For simplicity, this solution uses a single key vault, and a single set of keys for all insurance companies and brokers to encrypt and decrypt the data. In the real world, for added isolation and security, separate Azure Key Vault instances should be created for each insurance company, and grouped by region, for example, or any other criteria. This ensures that the data maintained by one insurance company can’t be read by others because they wouldn’t share the same encryption key.

Keep in mind that secrets stored in Azure Key Vault must be no more than 25KB in size. Hence, to avoid bloat, only certain properties of the policy data are stored in it, such as ID (document serial number), secret name, user ID, policy number and insurance company ID. The Entity Insdata.cs file in the Visual Studio 2017 solution ContosoInsAuthorityAdminPortal.sln contains these properties. Other properties, like the effective start and end dates, content type, and so on, are stored as attributes of the secret in the key vault.

Build the Admin and Customer Portal Applications Refer to the Visual Studio 2017 solution ContosoInsAuthorityAdmin­Portal.sln in the download for the admin portal source code, and to ContosoinsExtPortal.sln for the customer portal code.

Both the admin and customer portals are built using ASP.NET Core 2.0, which supports dependency injection to add framework services—like Entity Framework integration and custom service modules to access the Azure Key Vault APIs—to the application in the start-up class.

Visual Studio 2017 project templates provide turnkey integration with Azure AD and Azure AD B2C for user sign-in and sign-up experiences to secure access to the portal applications.

The connection string for the Azure SQL Database is stored in Azure Key Vault and is retrieved by the portal Web application at start up.

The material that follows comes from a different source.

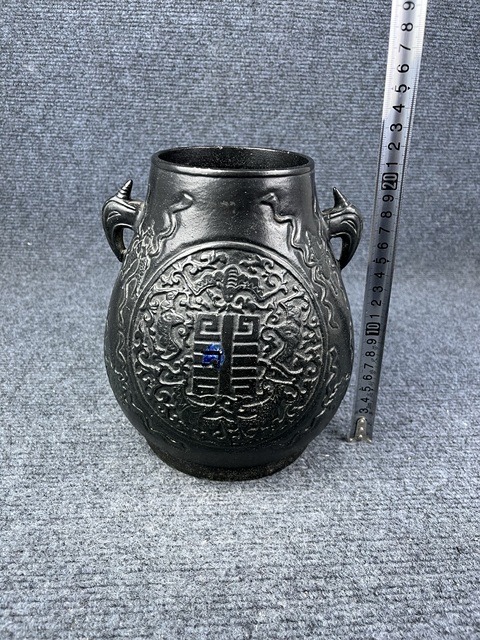 古玩陶瓷鐵銹釉鹿頭尊拍賣,當(dāng)前價格7988元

The code snippet in Figure 2 shows how dependency injection in ASP.NET 2.0 Core is added for Entity Framework Azure AD authentication and for the access provider, Azure Key Vault Service API, access and to read application configuration data from the appsettings.json file.

Figure 2 Dependency Framework in ASP.NET Core 2.0 MVC Application

// This method gets called by the runtime. Use this method to add services to the container.
public void ConfigureServices(IServiceCollection services)
  {
    //Adding the Azure AD integration for User authentication
    services.AddAuthentication(sharedOptions =>
    {
      sharedOptions.DefaultScheme =
        CookieAuthenticationDefaults.AuthenticationScheme;
      sharedOptions.DefaultChallengeScheme =
        OpenIdConnectDefaults.AuthenticationScheme;
    })
    .AddAzureAd(options => Configuration.Bind("AzureAd", options))
    .AddCookie();
    services.AddMvc();
// Add the Key Vault Service Client Connection to the Context Object
    AKVServiceClient servClient =
      new AKVServiceClient(Configuration["AzureKeyVault:ClientIdWeb"],
      Configuration["AzureKeyVault:AuthCertThumbprint"],
      Configuration["AzureKeyVault:VaultName"],­
      Configuration­["AzureKeyVault:KeyName"]);
    services.AddSingleton<AKVServiceClient>(servClient);
// Get the Connection string to Azure SQL Database
// from the secret in ­Azure Key Vault
    string connection = servClient.GetDbConnectionString();
// Add the Azure SQL Database Connection to the Context Object
    services.AddDbContext<ContosoinsauthdbContext>(options =>
      options.UseSqlServer(connection));
    services.AddOptions();
  }

The Azure Key Vault configuration provider for ASP.NET Core 2.0 (bit.ly/2DfOXeq), available as a NuGet package, provides a turnkey implementation to retrieve all secrets from Azure Key Vault at application start. However, this feature is not used in the solution to avoid loading all the business data unnecessarily on application start, that is, the insurance policy secrets, along with other secrets that application requires, such as the connection string to access the Azure SQL Database. This feature could be used when one key vault instance is used to store all connection strings required by the application, and a separate key vault instance is used for the business data.

App Service Creation The admin and customer portal applications are deployed as Azure App Service Web apps using the built-in tools in Visual Studio 2017. Both Web apps are hosted inside a single App Service Plan.

During development, the ASP.NET Core MVC applications can be deployed locally using Visual Studio 2017. When the PowerShell scripts I discussed earlier are run, two digital certificates are generated, one for each portal application. The .pfx files are added to the current user’s certificate store. These are embedded in the requests that the ASP.NET MVC applications make to access the Azure Key Vault APIs. The thumbprints of these certificates are added to the appsettings.json file in the Visual Studio 2017 solution of the respective ASP.NET MVC applications.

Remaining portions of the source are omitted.